従って貧しく石高も低い。あるのは木ばかりだ。だから信長もだ。飛騨については特にこれといって執着を見せずそうして語るのだった。
「どうもじゃ」
「興味が湧きませんか」
「手に入れても特に豊かになる訳でもなく」
薬にはならないというのだ。
「また新たな敵を作る訳でもないしのう」
「誰も飛騨なぞ攻めませんし」
「あの様な山ばかりの国は」
「それで兵を送るのもどうかですね」
「ですから」
「そうじゃ。兵を送るのもあれじゃ」
信長は家臣達にもこう述べた。
「まあ三木がわしに帰順するのならそれでよい」
「では文を送りですね」
「そのうえで飛騨は」
「さて。どうなるか」
今一つはっきりしない、信長にとっては非常に稀な感じだった。
「あの国はな」
「では飛騨にもですな」
「文を送られますか」
「そういえば飛騨にも忍がおったな」
信長は飛騨についてこんなことも述べた。
「久助か小六につけるか」
「飛騨の忍ですか」
彼等のことを聞いてだ。
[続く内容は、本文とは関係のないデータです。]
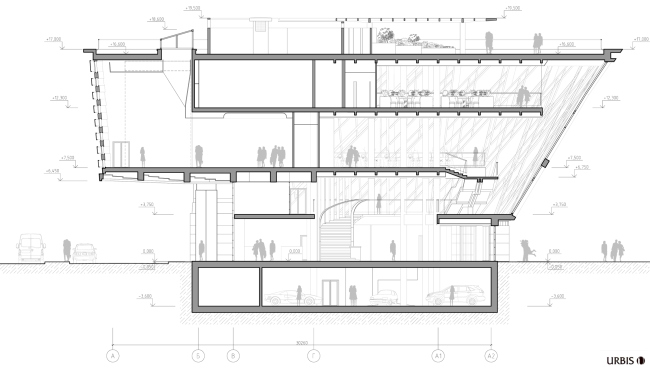 ������������������� ����� ������������� ����������� �������� ������ ���������������. ������ � Urbis ���.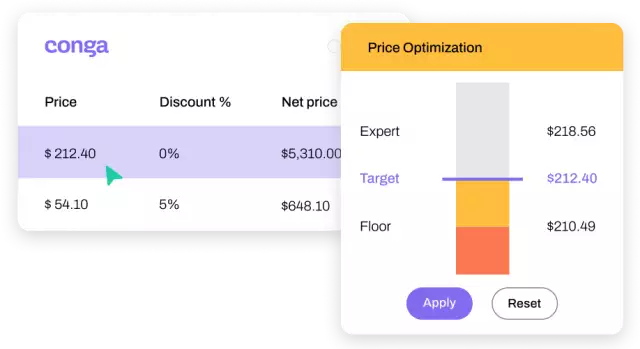 Price Optimization pricing envelope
滝川も首を少し捻りながら述べたのだった。
「それがしもあの者達については」
「知らぬか」
「はい、よくは」
そうだというのだ。
「ただ。噂では十勇士と同じく」
「真田に従うあのか」
「はい、その真田幸村の配下のです」
「あの者達と同じというと」
「異能の者達だとか」
そうした忍達だというのだ。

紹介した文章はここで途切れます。